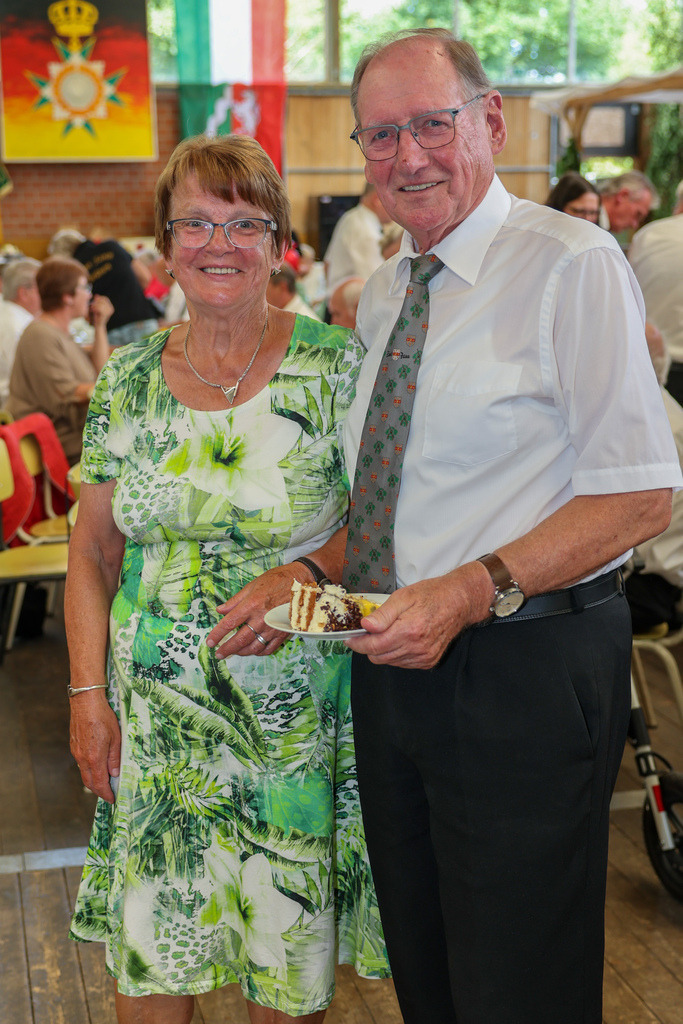 top-top.de-250704-074 | Foto, Video, Fotografie, Videografie, Fotobox, DJ, Discjockey, Musik, Musikbox, Veranstaltung, Photobooth, Amazon, Ebay, Buchtipp, Bestseller, Autor, Verlag, Buch, Wesel, Hamminkeln, NRW, Dinslaken, Rees, Drohne, Hochzeit, Party, Fotobox, Wesel, Fotograf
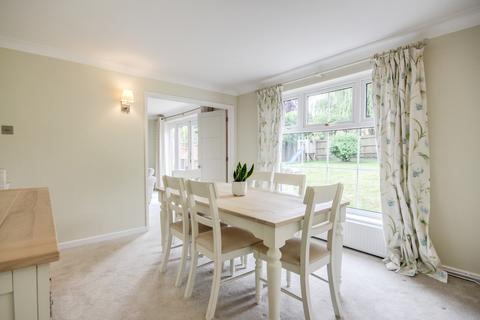 4 bedroom detached house to rent, Magnolia Way, Wokingham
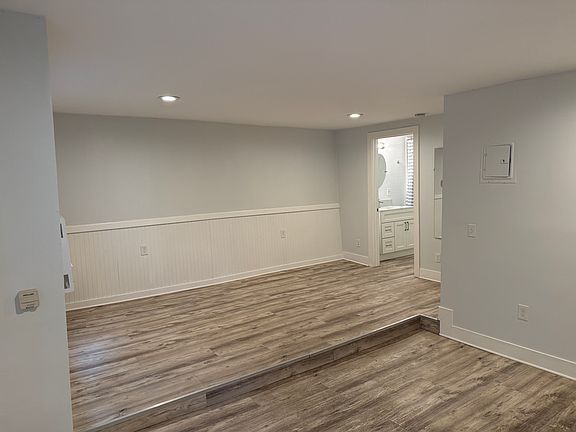 5th image of 710 24th St #A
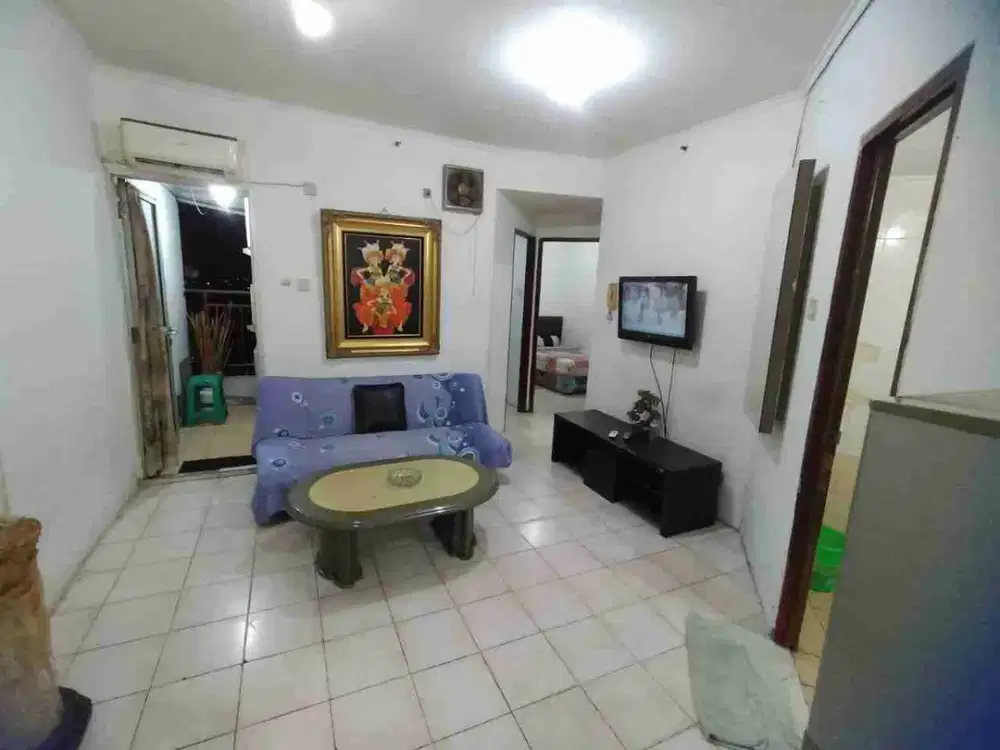 Apartemen Mediterania Gajah Mada 3 BR Full Furnished Jual Cepat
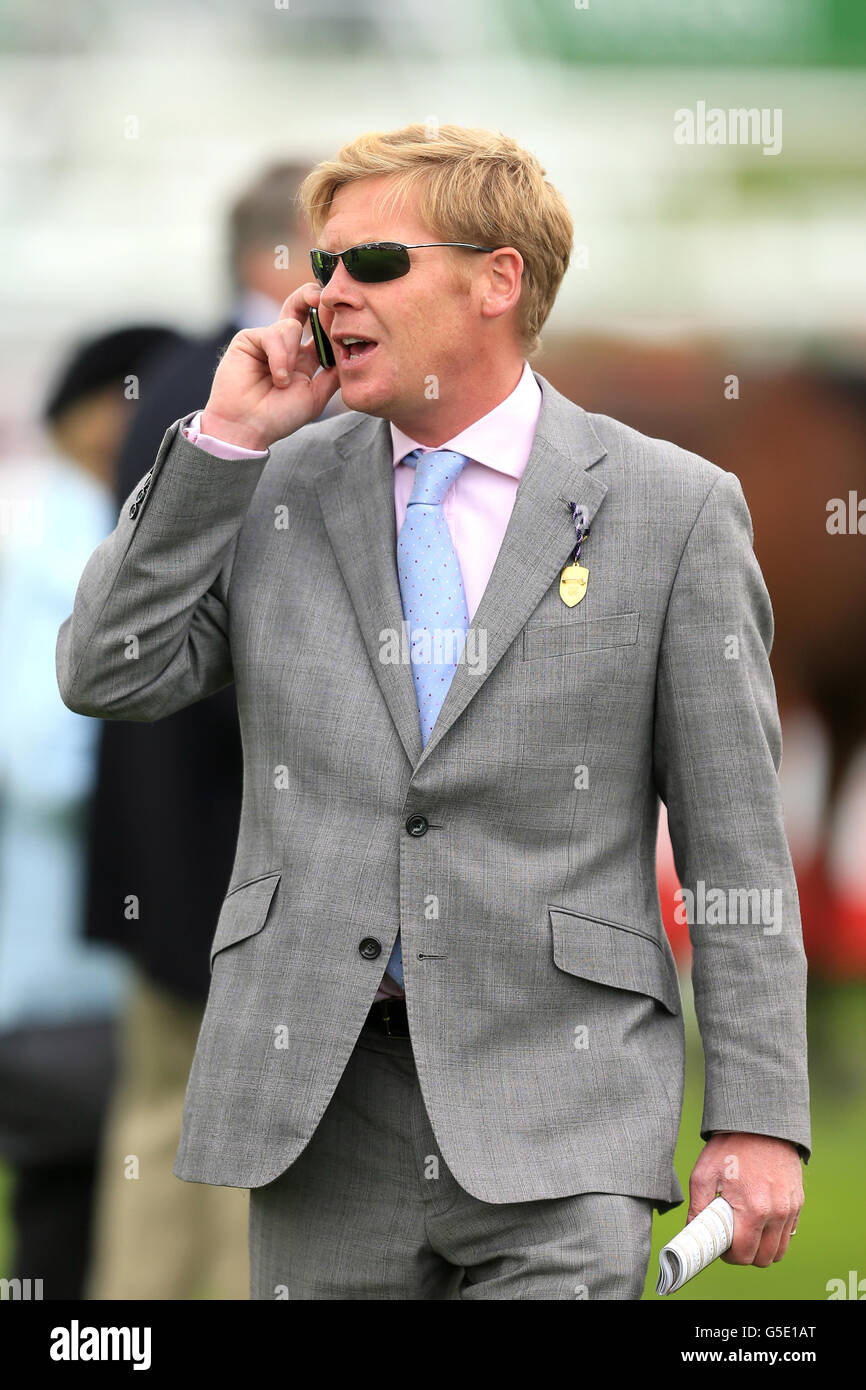 Pferderennen - 2012 Ladbrokes St Leger Festival - DFS Ladies Day - Doncaster Racecourse. Tom Dascombe, Trainer Stockfoto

*-*-*

Work required:
Repeat the data exactly in full, omitting its pictures.

Expected output:
 top-top.de-250704-074 | Foto, Video, Fotografie, Videografie, Fotobox, DJ, Discjockey, Musik, Musikbox, Veranstaltung, Photobooth, Amazon, Ebay, Buchtipp, Bestseller, Autor, Verlag, Buch, Wesel, Hamminkeln, NRW, Dinslaken, Rees, Drohne, Hochzeit, Party, Fotobox, Wesel, Fotograf
 4 bedroom detached house to rent, Magnolia Way, Wokingham
 5th image of 710 24th St #A
 Apartemen Mediterania Gajah Mada 3 BR Full Furnished Jual Cepat
 Pferderennen - 2012 Ladbrokes St Leger Festival - DFS Ladies Day - Doncaster Racecourse. Tom Dascombe, Trainer Stockfoto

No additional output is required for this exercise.